Oh Lord, Please Don't Let Me Be Misunderstood

Saturday, 5 January 2008

So how many of you feel generally misunderstood? I have been pondering it over the past few months and the conclusion I have reached is that I haven't generally felt "got", except by a select few group of people, since I was about 10 years old. It's probably the reason why I am drawn to write. I guess I'm just so used to feeling generally misunderstood now that it doesn't worry me as much as it used to. Growing up in my family, feeling like the only one whose aim was to live in reality instead of denial, has set the groundwork, I think, for being used to the general discomfort of people not getting me. But then again, perhaps all of us feel this way, perhaps it's part of the human condition to be painfully aware of the gap between our true selves and what the world sees on the outside. Only God can know us fully.

Most of us would say that the criteria for a good friend would be someone who "gets" you. I think the main reason why I am feeling relief that the romance-or-friendship-or-whatever-it-was is finished (never really started anyway, but is finished in my head, I guess I mean), is that for the majority of our communication I had the unsettling feeling that he didn't really understand me, nor was he in a place where he could try to. What a lonely feeling that is. (Edit: I think in that respect it was a two-way street. I couldn't understand him much of the time, nor did he allow me to).

Such a strong urge within us, to be understood. Surely some of the best, most loveliest moments are within relationships and friendships when you know the person you are speaking to "gets" you, yeah? Such a foundational issue. It reflects our God image, this desire to know and be known. It reminds me of the Trinity and the relationship that goes on within that most mysterious of things, a relationship that has always existed and from which all our relationships come.
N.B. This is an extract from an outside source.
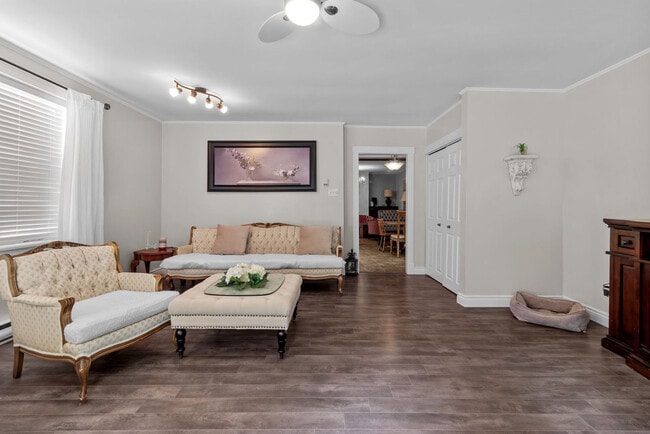 Building Photo - 70 Merrymeeting Rd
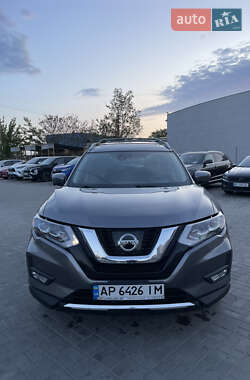Внедорожник / Кроссовер Nissan Rogue 2017 в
My hope is for community out in the real world. Some fellow believers to hang with and be real with and see what God would have us do together. A few people that would "get" me. That sounds good to me.

Question for you: how understood do you feel in your life generally? Most bloggers seem to be the more introverted, introspective types and I wonder - is this why we are drawn to this medium? The more we feel people don't "get us" out there, the more we want to connect "in here"? So how about you? Are you "got", or do you have to work extra hard to get people to get you?